Running the Fleet: Full Deploy Workflow

With the codebase complete, the deployment workflow follows a strict three-stage pattern: preview, validate, apply. Never run site.yml against production without a dry-run pass.

# 1. Install Galaxy collection dependencies first
ansible-galaxy collection install -r requirements.yml

# 2. Syntax check — catches YAML errors and undefined variables before touching hosts
ansible-playbook -i inventories/prod site.yml --syntax-check

# 3. Dry-run against ALL prod hosts — review every "changed" task
ansible-playbook -i inventories/prod site.yml \
  --ask-vault-pass \
  --check --diff

# 4. Live run — apply to staging first, then prod
ansible-playbook -i inventories/staging site.yml --ask-vault-pass
ansible-playbook -i inventories/prod site.yml --ask-vault-pass

# 5. Target a single tier for incremental changes (e.g., NGINX config update)
ansible-playbook -i inventories/prod site.yml \
  --ask-vault-pass \
  --limit web \
  --tags web

# 6. Emergency limit: target a single host during incident triage
ansible-playbook -i inventories/prod site.yml \
  --ask-vault-pass \
  --limit web-01.prod.example.com \
  --tags web \
  --check --diff

Production Failure Modes and How to Prevent Them

Fleet-scale Ansible runs expose failure modes you will not encounter in single-host tests. Each one below is a real production incident class, with the mitigation built into this project's structure.

Partial fleet apply on network error. Ansible applies tasks host by host in parallel batches. A transient SSH timeout on three nodes marks them UNREACHABLE, but the other nodes get configured. Use serial: "20%" in high-blast-radius plays so failures are bounded, and check the failed_hosts count in AWX before proceeding to the next batch.
Vault password mismatch between environments. Staging and prod vaults use different passwords. If you use --vault-password-file pointing to the wrong file, you decrypt the staging vault with the prod key and get a silent wrong-value error (the variable resolves but contains garbage). Use separate --vault-id labels: --vault-id prod@~/.vault-prod makes the password source explicit and the mismatch loud.
Template rendering silently skipping a block. A Jinja2 {% for host in groups['app'] %} loop that references hostvars[host]['ansible_default_ipv4']['address'] silently generates an empty upstream block if fact gathering was disabled (gather_facts: false) for the app group. Always run gather_facts: true for any play whose templates reference hostvars, and add an assert task that verifies the rendered file is non-empty.
Handler not firing after a failed task. Handlers only fire if the play completes without failure on that host. A task failure mid-play suppresses all pending handlers — meaning a template was deployed but the service was never reloaded. Use force_handlers: true at the play level for service-reload handlers to ensure a best-effort reload even on partial failure, and monitor service health separately.

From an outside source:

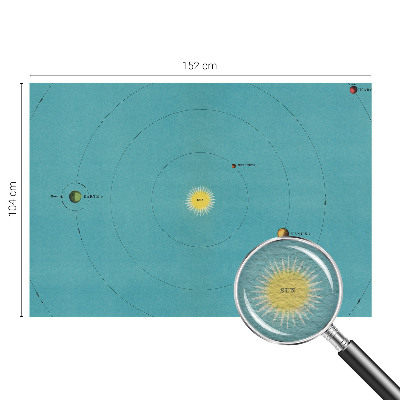 Tapeta fotograficzna Tapeta fotograficzna Kosmiczny układ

Tag every task and role for surgical targeting. Tag the base role tasks with tags: [base, hardening], web tasks with tags: [web, nginx], and so on. In production you will almost never re-run the full site.yml — you will run --tags nginx to push an NGINX config change, or --tags hardening to respond to a CVE. Tagging is what separates an Ansible codebase you can use confidently in production from one that terrifies your team because every change requires running everything.

Continuous Enforcement: Scheduling via AWX

In production, manual ansible-playbook runs are for one-off changes and incident response. Continuous baseline enforcement is handled by scheduling the full site.yml run every 30 minutes in AWX. Every run is logged, its output is searchable, and failed hosts trigger PagerDuty alerts via AWX's notification system. This approximates the drift-correction guarantees of a pull-based tool — without the operational complexity of managing a Puppet infrastructure.

The playbook you have built in this project is the complete pattern used by infrastructure teams at scale. From this foundation you can extend it: add a monitoring role that deploys the Prometheus node exporter, a logship role that configures Fluent Bit, a certs role that rotates TLS certificates via Vault PKI — all following the same role structure, the same inventory convention, and the same dry-run-first discipline.